- Born: 28 February 1944 Ankara, Turkey
- Died: 4 December 2017 (aged 73) Bodrum, Turkey
- Spouse: Ahmet Tekeli ​ ​(m. 1966; died 2010)​
- Awards: Ordre des Palmes Académiques

= Şirin Tekeli =

Turkish feminist and academician

Şirin Tekeli (28 February 1944, Ankara – 13 June 2017, Bodrum) was a feminist, academician, translator, writer, activist and one of the pioneers of second wave feminism in Turkey.

==Career==
In 1967, she returned to Turkey and became the first female academician to enter the Chair in political science at Istanbul University. In 1973, she obtained her PhD with a thesis on David Easton's System Theory. In 1978, she obtained her associate professor title with her, at the time "controversial", habilitation thesis on women’s participation to politics named "Kadınlar ve Siyasal Toplumsal Hayat". (Women and Political Social Life). This thesis, had a great effect on her ideology, she recalls :"I was a 'timid feminist' but by the time I finished it I saw clearly that women were being oppressed, exploited and excluded from the public sphere. It was not capitalism that was doing this, it was male dominance."After her thesis, she started working on elections. She returned to France and spent the academic year 1979–1980 at the Scientific Research National Center (Centre National de la Recherche Scientifique) (CNRS) with a scholarship, learning cartography. She, during this period, formed a computer database, with all the data concerning the elections in Turkey, and studied the sociology of elections in urban areas with Jean Ranger and his team. In 1980-81 she organized a seminar on the sociology of politics

==Activism==
After she left academia, she began an active role in the feminist movement of Turkey. Seeing the 80s as the "years of action", she dedicated herself to improve women's rights and raise awareness in Turkey via campaigns and protests. In the 90s, "the years of institutionalisation", as she calls them, have started: Tekeli focused on creating associations and foundations.

===Years of action===
Following Turkey’s decision on not changing the civic law in accordance with the Convention on the Elimination of All Forms of Discrimination Against Women(CEDAW), in 1986 she took part in a petition demanding changes in the constitution, laws and practice, in accordance with the contract.
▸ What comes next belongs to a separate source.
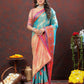 Lorenvalley Fashion Skyblue Kanjivaram Silk Woven Design with Zari Weaving Saree - Swadesiicart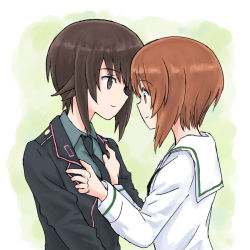 Rule 34 | 2girls, black jacket, black neckwear, blouse, brown eyes, brown hair, closed mouth, commentary, dress shirt, girls und panzer, grey shirt, hands on another&#039;s chest, incest, jacket, long sleeves, looking at another, multiple girls, mutsu (layergreen), neckerchief, necktie, niedersachsen military uniform, nishizumi maho, nishizumi miho, ooarai school uniform, sailor collar, school uniform, serafuku, shirt, short hair, siblings, sisters, smile, white sailor collar, white shirt, wing collar, yuri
On 17 May 1987, she participated in the first legal protest after the military coup, and demanded an end to domestic violence.

==Awards==
In 1996, she was awarded with Ordre des Palmes Académiques by the Cultural Ministry of France.

==Personal life and death==
Şirin Tekeli was married to lawyer Ahmet Tekeli, with whom she met while studying at University of Lausanne. Her marriage lasted until 2010, when Ahmet Tekeli died. For his memory, Şirin Tekeli used the assets he left to her to found the Şirin-Ahmet Tekeli Association for Supporting Women Lawyers

In 2017, Sabancı University Gender and the Women's Studies Center began granting a research award in memory of Şirin Tekeli: "The Şirin Tekeli Research Award". This award was created to support and promote research focusing on gender in Turkey.